Los peligros del corazón

        El filósofo Pascal hablaba de las “razones del corazón” refiriéndose, quizá, a esas ideas a las que el corazón se aferra ciegamente, y que le hacen excluir otras razones que su propia inteligencia o el buen consejo de las personas queridas le intentan mostrar. También se usa con frecuencia la expresión “el amor es ciego” para ilustrar que una vez que el corazón ha escogido un objeto de contemplación y amor, se le hace difícil desprenderse de él y juzgar sobre la conveniencia de ese querer. Sin duda el principal peligro del corazón consiste en la tendencia a los apegamientos.

        ¿Cómo se reconoce un apegamiento? ¿Por qué pueden dañar el corazón? El amor verdadero es el que nos mueve a la generosidad, mientras que el amor egoísta es el que nos encierra en nosotros mismos, porque busca una posesión desordenada e injusta del ser amado. El deseo de poseer marca la distinción clave entre el amor de entrega y el amor de egoísta. Un corazón generoso es aquel que permanece abierto, que se relaciona con las cosas y con las personas de una manera libre, que goza de ellas porque reconoce el bien que hay en cada una, pero que no se cierra nunca a otros seres, sino que permanece dispuesto a conocerlos y a amarlos. Ésta es la clave del desprendimiento interior.

        Un corazón cerrado en sí mismo es aquel que se engaña pensando que ama, porque se mantiene en la contemplación del ser amado, cuando en realidad lo está contemplando no por lo bueno que tiene en sí mismo, sino por la satisfacción personal que se experimenta al contemplarlo. En lugar de ensancharse, el corazón tiende a reducirse a grandes velocidades, nacen las obsesiones hacia las personas y las cosas, lo que demuestra una ceguera y un empequeñecimiento de los horizontes existenciales, de las posibilidades de conocer y amar. Tal es el encierro en sí mismas que las personas terminan reduciéndolo todo a su propia conveniencia e intereses. Y las obsesiones, si no se intenta controlarlas, acaban por ahogar la propia personalidad. Es el efecto que tienen las pasiones desordenadas, los vicios, las ideologías. Son las cadenas del odio, de la mentira, de los prejuicios y de los complejos.
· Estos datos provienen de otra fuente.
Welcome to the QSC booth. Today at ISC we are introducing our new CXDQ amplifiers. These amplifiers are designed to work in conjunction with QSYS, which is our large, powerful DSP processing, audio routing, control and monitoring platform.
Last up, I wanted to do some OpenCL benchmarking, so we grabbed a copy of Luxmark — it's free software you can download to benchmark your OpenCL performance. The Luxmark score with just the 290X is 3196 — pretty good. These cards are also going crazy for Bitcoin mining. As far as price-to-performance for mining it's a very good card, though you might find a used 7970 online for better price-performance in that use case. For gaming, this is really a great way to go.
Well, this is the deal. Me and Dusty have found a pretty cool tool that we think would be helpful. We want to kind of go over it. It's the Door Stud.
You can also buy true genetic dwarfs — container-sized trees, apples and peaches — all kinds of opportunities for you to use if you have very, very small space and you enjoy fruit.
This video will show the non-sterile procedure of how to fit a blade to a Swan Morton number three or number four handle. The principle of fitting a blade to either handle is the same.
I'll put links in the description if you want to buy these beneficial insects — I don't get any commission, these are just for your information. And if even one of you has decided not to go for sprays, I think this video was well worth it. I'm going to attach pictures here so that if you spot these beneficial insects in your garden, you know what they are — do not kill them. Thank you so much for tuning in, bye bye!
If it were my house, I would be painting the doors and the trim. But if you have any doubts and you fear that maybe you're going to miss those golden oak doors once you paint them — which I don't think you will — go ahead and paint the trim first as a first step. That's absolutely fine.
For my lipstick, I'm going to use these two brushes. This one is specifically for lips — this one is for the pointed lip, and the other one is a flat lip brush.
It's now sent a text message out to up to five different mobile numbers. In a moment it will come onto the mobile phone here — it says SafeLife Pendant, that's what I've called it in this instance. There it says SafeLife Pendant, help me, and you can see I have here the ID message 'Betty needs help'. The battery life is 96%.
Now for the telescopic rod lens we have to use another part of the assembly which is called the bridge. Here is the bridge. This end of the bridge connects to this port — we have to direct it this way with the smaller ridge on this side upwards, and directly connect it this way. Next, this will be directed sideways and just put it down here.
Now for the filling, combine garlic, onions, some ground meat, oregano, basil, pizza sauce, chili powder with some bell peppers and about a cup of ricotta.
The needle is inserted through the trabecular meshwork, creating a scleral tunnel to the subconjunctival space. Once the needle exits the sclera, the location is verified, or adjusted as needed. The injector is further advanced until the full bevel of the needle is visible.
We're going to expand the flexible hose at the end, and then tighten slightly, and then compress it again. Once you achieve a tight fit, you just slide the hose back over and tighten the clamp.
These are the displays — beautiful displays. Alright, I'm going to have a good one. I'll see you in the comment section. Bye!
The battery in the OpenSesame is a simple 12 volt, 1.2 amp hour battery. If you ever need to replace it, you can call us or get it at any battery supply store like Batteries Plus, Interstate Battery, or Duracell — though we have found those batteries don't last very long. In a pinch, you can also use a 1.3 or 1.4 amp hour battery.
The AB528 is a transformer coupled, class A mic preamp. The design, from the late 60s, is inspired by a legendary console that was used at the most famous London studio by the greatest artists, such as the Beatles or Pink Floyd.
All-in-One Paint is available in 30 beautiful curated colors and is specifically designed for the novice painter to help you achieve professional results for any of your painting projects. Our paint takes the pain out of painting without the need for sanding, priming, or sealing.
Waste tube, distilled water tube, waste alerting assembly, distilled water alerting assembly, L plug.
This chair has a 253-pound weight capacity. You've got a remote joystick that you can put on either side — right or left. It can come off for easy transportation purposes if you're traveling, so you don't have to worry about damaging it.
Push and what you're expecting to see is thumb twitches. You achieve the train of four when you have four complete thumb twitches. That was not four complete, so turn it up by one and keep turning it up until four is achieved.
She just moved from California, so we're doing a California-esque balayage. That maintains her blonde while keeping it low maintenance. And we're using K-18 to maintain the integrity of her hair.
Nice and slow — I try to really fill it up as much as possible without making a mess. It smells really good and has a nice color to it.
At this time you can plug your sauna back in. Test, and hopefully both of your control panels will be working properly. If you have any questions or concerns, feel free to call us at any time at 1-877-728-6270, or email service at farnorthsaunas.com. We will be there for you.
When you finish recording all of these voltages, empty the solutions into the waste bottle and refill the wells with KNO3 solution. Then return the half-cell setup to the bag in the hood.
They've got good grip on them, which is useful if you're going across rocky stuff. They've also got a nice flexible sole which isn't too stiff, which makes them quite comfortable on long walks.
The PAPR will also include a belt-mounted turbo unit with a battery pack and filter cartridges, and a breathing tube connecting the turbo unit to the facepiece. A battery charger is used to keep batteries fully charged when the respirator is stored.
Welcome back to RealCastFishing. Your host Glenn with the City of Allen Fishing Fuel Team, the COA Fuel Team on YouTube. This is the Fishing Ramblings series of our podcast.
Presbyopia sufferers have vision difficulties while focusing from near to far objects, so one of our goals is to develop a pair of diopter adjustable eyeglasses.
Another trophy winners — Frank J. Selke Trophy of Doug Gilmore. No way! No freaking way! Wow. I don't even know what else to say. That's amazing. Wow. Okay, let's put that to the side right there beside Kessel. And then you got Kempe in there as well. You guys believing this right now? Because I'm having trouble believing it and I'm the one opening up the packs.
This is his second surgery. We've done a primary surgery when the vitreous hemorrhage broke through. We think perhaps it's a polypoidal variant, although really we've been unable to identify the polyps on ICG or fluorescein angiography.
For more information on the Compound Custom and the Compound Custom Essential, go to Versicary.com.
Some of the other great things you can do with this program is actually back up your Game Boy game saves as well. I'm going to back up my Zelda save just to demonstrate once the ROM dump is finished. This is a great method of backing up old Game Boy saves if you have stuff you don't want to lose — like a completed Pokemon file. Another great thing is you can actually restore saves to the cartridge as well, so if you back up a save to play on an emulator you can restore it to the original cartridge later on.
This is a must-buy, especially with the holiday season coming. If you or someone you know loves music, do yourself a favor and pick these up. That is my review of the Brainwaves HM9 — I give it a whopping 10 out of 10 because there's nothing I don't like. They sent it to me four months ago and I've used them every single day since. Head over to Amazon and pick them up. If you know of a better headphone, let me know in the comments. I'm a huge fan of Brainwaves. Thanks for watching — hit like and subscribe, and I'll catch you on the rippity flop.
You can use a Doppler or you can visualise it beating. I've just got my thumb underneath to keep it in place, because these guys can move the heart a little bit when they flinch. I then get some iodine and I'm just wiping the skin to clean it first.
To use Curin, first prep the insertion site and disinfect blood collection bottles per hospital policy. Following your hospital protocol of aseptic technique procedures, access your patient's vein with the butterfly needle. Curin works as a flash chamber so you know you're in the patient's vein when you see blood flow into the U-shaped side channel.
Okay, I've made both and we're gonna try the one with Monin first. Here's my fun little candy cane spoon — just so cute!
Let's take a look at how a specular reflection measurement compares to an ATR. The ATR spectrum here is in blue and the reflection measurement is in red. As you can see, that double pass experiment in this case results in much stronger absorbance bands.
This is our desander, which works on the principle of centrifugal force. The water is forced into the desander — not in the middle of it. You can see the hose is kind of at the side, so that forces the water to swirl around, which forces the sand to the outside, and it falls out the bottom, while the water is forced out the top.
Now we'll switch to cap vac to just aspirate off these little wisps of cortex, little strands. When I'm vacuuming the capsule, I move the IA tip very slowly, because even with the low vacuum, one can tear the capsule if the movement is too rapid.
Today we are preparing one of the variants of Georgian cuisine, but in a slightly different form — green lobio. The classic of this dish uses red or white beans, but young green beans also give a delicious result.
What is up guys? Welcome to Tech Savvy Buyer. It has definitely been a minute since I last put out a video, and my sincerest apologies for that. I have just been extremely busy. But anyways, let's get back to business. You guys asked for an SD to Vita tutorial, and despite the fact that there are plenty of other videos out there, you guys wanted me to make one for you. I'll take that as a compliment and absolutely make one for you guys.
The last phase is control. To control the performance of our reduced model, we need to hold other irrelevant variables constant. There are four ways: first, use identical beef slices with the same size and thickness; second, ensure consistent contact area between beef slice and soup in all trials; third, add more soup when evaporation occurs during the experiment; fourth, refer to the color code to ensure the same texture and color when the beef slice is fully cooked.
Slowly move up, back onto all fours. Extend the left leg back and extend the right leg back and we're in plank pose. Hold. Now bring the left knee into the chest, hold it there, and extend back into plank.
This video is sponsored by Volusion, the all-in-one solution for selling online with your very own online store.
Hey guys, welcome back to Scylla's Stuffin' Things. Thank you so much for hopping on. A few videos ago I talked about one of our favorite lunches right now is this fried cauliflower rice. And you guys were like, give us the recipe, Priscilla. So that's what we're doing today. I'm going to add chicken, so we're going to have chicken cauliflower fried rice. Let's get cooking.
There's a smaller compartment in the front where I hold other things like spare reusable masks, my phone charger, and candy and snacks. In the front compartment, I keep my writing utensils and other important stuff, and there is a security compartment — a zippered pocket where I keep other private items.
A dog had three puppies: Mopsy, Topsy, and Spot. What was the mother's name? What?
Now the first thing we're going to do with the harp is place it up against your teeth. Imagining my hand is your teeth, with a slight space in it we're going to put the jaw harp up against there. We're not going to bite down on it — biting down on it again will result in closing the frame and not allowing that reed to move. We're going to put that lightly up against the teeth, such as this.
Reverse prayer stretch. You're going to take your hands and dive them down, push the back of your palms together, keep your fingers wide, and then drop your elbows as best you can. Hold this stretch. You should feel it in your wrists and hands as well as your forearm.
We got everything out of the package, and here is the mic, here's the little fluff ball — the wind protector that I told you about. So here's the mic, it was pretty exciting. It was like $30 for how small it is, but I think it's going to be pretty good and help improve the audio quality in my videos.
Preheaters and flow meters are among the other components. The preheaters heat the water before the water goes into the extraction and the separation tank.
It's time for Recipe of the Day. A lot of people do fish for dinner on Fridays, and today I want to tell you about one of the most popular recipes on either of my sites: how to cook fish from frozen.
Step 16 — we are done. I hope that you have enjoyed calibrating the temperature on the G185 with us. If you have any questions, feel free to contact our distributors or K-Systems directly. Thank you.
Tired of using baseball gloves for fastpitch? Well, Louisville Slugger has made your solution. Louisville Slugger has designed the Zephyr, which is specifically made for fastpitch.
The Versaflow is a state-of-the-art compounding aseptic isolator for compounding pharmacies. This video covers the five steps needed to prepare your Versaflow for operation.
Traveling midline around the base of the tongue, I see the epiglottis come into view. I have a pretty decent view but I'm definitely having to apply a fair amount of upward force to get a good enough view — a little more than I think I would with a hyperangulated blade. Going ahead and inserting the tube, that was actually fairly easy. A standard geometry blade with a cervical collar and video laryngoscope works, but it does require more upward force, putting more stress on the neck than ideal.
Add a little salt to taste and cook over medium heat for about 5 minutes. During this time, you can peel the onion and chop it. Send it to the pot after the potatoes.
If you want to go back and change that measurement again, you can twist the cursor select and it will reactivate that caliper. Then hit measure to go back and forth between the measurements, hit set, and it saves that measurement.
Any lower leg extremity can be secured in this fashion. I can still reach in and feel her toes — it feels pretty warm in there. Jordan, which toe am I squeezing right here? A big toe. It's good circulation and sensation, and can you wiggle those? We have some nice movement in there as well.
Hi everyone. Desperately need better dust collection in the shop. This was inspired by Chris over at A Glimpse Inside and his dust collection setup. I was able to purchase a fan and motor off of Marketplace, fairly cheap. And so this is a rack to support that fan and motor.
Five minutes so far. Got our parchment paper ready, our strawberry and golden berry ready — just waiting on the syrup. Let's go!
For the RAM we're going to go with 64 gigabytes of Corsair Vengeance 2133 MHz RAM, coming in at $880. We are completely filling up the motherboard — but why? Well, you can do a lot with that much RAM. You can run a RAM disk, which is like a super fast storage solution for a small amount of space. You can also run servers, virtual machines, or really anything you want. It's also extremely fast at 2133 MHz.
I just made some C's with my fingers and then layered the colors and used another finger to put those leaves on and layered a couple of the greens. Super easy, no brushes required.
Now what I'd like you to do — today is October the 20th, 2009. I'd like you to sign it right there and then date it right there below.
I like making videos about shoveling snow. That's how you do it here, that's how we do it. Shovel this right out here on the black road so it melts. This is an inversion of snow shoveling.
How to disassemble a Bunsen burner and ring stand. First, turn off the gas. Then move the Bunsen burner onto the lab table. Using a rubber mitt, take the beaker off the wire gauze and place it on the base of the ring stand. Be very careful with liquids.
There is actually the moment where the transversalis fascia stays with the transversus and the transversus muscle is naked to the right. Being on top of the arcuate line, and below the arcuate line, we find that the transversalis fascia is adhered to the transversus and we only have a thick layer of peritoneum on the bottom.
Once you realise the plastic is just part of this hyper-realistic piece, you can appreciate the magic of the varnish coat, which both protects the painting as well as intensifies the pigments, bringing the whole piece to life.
Obsesiones, prejuicios y heridas del corazón

        Las obsesiones también tienden a crear prejuicios, porque anulan la capacidad de razonar. Los prejuicios actúan como filtros que distorcionan el conocimiento de la realidad y de nosotros mismos; nos restan creatividad y valentía para superar los obstáculos que, aparentemente, impiden que realicemos nuestros sueños. ¿Cuáles son estos prejuicios? Los más comunes, en nuestra época, son aquellos que tenemos contra nosotros mismos: más o menos inteligente, complejos físicos, tendencia a pensar que nos critican, etc. También abundan los prejuicios contra los demás. Es verdad que a veces no podemos dejar de juzgar negativamente la conducta de una persona, sus ambiciones injustas o sus reacciones egoístas. Pero no debemos condenarlas, si queremos que el corazón se mantenga libre y puro de malos deseos. Tachar a una persona supone apegarse a un recuerdo, a una valoración negativa. Fomentar el desprendimiento de los propios juicios no es nada fácil pero, sin duda, ayuda a conquistar grandes espacios de libertad interior. Esto no quiere decir que tengamos que amar a esas personas que nos han dejado heridas, obligándonos a tener un buen recuerdo de ellas. A veces convendrá tenerlas más distantes, separarse un tiempo, para que el corazón recupere su capacidad de recordar con cariño una vez que ha sanado su herida.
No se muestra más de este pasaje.